#### Supplied entries

-=-=-

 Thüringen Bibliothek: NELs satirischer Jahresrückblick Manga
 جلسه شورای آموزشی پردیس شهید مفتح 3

-=-=-

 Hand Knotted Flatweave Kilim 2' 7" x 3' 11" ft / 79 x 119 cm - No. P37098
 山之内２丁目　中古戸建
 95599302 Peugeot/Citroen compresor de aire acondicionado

-=-=-

#### What you are asked to do
All that belongs in your answer is the stretch of entries above from the line with "山之内２丁目　中古戸建" through the line with "95599302 Peugeot/Citroen compresor", printed exactly.

#### Expected answer
 山之内２丁目　中古戸建
 95599302 Peugeot/Citroen compresor de aire acondicionado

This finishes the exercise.